Using Kepler’s second law, which is easily found by considering the area swept out in our ellipse over time:

\begin{equation} \dot{A} \simeq \frac{1}{2}r^2\dot{f} = \frac{L}{2\mu} \end{equation}

We can find the period \(P\):

\begin{equation} P=\frac{A}{\dot{A}}=\frac{2\pi a^{\frac{3}{2}}}{\sqrt{\mathcal{G}m}} \end{equation}

We define the mean motion at \(n=\frac{2\pi}{P}\) and summarize Kepler’s Laws:

\begin{equation} n=\sqrt{\frac{\mathcal{G}m}{a^3}}\label{n equation} \end{equation} \begin{equation} L=\mu\sqrt{\mathcal{G}ma\left(1-e^2\right)}=\mu na^2\sqrt{1-e^2}\label{L defintion} \end{equation} \begin{equation} r=\frac{a\left(1-e^2\right)}{1+e\cos{f}}\label{r theta equation} \end{equation}

III. Orbital Elements

III.I Derivation of Mean and Eccentric Anomalies

From \eqref{r theta equation}:

\begin{equation} \dot{r} = \frac{r}{1+e\cos{f}}e\sin{f}\dot{f}=\frac{L}{\mu r\left(1+e\cos{f}\right)}e\sin{f}=\frac{na^2\sqrt{1-e^2}}{r\left(1+e\cos{f}\right)}e\sin{f} \end{equation}

We have used \(L=\mu r^2\dot{f}\) and \eqref{L defintion}. Again using \eqref{r theta equation}:

\begin{equation} \dot{r} = \frac{na}{\sqrt{1-e^2}}e\sin{f} \end{equation}

In polar coordinates, the magnitude of the velocity vector \(\parallel\dot{\vec{r}}\parallel^2=\parallel\vec{v}\parallel^2=\dot{r}^2+r^2\dot{f}^2\), resulting in:

\begin{equation} v^2=\dot{r}^2+\frac{L^2}{r^2\mu^2}=\frac{n^2a^2}{1-e^2}e^2\sin^2{f}+\frac{n^2a^2}{1-e^2}\left(1+e\cos{f}\right)^2=\frac{n^2a^2}{1-e^2}\left(1+2e\cos{f}+e^2\right) \end{equation}

With \eqref{r theta equation} and \eqref{n equation}:

\begin{equation}\label{v^2 equation} v^2=\frac{n^2a^2}{1-e^2}\left(\frac{2a(1-e^2)}{r}-1+e^2\right)=\frac{2n^2a^3}{r}-n^2a^2=\mathcal{G}m\left(\frac{2}{r}-\frac{1}{a}\right) \end{equation}

Using \eqref{v^2 equation} to rewrite \(\dot{r}\):

\begin{equation}\label{r dot equation} \dot{r}^2=v^2-\frac{L^2}{r^2\mu^2}=\frac{2n^2a^3}{r}-n^2a^2-\frac{ n^2a^4\left(1-e^2\right)}{r^2}\quad\rightarrow\quad \dot{r}=\frac{na}{r}\sqrt{a^2e^2-\left(r-a\right)^2} \end{equation}

We have a differential equation for \(r\), which we solve by writing \(r\) in terms of the eccentric anomaly \(E\):

\begin{equation} r=a\left(1-e\cos{E}\right)\label{r E equation}\end{equation} \begin{equation} \dot{r}=ae\sin{E}\dot{E} \end{equation}

Rewriting \eqref{r dot equation} using \(E\):

\begin{equation} \dot{E}=\frac{na}{r}=\frac{n}{1-e\cos{E}} \end{equation}

Integrating, we find:

\begin{equation}\label{Kepler eq} E-e\sin{E}=n\left(t-t_0\right)\equiv\mathcal{M} \end{equation}

This is Kepler’s Equation, where \(\mathcal{M}\) is known as the mean anomaly.

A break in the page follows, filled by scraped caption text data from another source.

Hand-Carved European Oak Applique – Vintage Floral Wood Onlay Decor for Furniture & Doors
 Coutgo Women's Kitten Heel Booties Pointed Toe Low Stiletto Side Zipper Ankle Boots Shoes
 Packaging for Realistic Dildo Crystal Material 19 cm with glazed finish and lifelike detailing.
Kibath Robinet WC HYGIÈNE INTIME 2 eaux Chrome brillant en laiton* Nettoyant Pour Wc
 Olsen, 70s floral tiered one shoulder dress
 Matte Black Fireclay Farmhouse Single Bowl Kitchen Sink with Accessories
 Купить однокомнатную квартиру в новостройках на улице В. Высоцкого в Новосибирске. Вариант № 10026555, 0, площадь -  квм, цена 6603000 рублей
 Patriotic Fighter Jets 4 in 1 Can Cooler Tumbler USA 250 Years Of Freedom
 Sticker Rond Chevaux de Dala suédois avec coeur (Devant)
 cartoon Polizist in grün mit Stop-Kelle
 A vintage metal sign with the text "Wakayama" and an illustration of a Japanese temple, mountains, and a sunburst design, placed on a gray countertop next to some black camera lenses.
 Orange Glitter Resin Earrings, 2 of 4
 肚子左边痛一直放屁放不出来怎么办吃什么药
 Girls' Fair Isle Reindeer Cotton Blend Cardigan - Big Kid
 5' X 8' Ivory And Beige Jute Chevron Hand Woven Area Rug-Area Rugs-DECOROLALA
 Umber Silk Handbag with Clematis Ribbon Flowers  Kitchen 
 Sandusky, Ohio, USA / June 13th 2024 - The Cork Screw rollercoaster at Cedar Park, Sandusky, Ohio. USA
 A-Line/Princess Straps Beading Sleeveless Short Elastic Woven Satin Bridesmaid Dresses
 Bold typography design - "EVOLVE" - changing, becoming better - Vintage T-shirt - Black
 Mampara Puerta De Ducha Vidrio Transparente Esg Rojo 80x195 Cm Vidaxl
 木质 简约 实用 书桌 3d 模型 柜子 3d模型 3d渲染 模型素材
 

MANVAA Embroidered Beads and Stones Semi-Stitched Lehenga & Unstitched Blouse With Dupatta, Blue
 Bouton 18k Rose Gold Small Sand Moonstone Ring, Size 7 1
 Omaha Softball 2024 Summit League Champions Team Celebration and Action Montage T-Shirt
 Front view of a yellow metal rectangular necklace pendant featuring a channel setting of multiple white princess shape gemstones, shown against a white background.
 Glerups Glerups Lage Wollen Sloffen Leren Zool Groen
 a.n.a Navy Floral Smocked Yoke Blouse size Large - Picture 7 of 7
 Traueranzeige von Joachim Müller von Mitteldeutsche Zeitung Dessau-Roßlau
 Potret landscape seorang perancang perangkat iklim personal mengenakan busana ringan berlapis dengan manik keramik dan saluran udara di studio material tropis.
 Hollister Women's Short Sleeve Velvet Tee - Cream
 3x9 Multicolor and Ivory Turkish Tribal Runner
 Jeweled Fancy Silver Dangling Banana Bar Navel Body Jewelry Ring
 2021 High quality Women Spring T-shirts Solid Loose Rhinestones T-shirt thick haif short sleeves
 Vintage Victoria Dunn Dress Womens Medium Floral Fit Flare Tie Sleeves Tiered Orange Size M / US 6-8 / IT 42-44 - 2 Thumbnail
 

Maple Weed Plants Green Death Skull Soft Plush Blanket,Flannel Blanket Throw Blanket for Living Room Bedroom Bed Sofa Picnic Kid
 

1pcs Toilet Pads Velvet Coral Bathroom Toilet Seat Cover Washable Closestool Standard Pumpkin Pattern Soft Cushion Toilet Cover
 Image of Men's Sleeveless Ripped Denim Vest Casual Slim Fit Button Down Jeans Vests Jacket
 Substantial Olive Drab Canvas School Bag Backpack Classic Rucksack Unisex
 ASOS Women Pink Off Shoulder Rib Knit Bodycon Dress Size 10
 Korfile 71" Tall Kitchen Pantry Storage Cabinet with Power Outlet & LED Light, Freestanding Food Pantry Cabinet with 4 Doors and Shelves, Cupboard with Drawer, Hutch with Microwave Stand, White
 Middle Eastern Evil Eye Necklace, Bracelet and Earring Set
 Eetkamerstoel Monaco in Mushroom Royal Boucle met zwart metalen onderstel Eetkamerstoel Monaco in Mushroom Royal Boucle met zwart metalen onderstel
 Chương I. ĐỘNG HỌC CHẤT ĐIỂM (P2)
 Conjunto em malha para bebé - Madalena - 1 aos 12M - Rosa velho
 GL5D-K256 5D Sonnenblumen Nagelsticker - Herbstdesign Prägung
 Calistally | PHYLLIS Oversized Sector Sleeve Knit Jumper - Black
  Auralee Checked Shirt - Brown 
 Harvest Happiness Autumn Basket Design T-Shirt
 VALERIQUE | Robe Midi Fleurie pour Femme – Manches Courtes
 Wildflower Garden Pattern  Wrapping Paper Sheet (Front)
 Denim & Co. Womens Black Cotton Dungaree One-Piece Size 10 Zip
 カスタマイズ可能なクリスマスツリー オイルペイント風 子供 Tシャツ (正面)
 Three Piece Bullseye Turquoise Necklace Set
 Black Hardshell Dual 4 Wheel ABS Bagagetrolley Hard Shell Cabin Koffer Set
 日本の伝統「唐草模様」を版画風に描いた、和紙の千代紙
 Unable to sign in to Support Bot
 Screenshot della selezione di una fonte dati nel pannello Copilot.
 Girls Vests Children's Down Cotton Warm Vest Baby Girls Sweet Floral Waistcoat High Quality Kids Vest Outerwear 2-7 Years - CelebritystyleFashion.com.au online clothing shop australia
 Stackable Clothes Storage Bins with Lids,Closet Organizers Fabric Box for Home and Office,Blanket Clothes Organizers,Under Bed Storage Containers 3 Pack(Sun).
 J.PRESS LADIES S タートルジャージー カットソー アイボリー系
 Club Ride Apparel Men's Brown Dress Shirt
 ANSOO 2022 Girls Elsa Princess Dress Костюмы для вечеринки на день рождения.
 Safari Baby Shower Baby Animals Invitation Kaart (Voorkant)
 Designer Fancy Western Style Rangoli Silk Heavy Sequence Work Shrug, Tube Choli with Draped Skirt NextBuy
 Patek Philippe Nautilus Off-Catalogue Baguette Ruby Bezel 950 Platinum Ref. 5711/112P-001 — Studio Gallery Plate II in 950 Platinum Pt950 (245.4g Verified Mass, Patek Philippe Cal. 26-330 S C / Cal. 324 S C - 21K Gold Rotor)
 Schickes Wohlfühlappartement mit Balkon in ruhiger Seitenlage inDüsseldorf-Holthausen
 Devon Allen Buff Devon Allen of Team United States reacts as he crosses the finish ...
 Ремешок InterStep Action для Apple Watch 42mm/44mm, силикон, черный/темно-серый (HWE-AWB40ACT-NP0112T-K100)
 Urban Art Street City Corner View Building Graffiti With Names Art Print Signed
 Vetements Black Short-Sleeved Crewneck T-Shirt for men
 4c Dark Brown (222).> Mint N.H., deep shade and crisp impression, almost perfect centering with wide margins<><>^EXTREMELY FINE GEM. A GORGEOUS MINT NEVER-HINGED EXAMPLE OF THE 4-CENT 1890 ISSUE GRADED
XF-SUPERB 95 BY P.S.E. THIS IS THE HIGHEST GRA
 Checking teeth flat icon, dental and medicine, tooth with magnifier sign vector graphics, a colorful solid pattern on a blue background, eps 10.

III.II Two-Dimensional Orbital Elliptical Elements

From our orbital element diagram, we can immediately conclude: \begin{equation}\label{cos f equation} Q_1=r\cos{f}=a\cos{E}-ae \end{equation} From \eqref{r theta equation}: \begin{equation} r=\frac{a(1-e^2)}{1+e\cos{f}}=\frac{ra(1-e^2)}{r+eQ_1}=\frac{ra(1-e^2)}{r+e\left(a\cos{E}-ae\right)} \end{equation} \begin{equation} \rightarrow\quad r=a(1-e^2)-e\left(a\cos{E}-ae\right)=a\left(1-e\cos{E}\right) \end{equation} Aligning with our result of \eqref{r E equation}. We can also calculate \(Q_2\): \begin{equation} Q_2=\sqrt{r^2-Q_1^2}= a\sqrt{\left(1-e\cos{E} \right)^2 - \left(\cos{E}-e \right)^2} = a\sqrt{1-e^2}\sin{E} \end{equation} In summary: \begin{equation} Q_1=a\left(\cos{E}-e\right)\label{Q_1 eq} \end{equation} \begin{equation} Q_2=a\sqrt{1-e^2}\sin{E}\label{Q_2 eq} \end{equation} \begin{equation} r=a\left(1-e\cos{E}\right) \end{equation}

III.III Three-Dimensional Orbital Elements

To characterize the orientation of our ellipse in three-dimensional space with respect to a reference plane \(x,y,z\), we introduce three new angles. The first is the inclination \(i\), describing the tilt of the orbiting ellipse with respect to the \(x,y\) plane. Any orbit with a nonzero inclination will intersect the reference plane at two points. The ascending node is the point at which the body passes from negative \(z\) to positive \(z\), and the descending node is the opposite. The angle between the ascending node with the \(x\) axis is the longitude of the ascending node, noted by \(\Omega\). Finally, \(\omega\), the argument of the pericentre determines the angle from the \(x,y\) of the pericentre along the orbiting plane.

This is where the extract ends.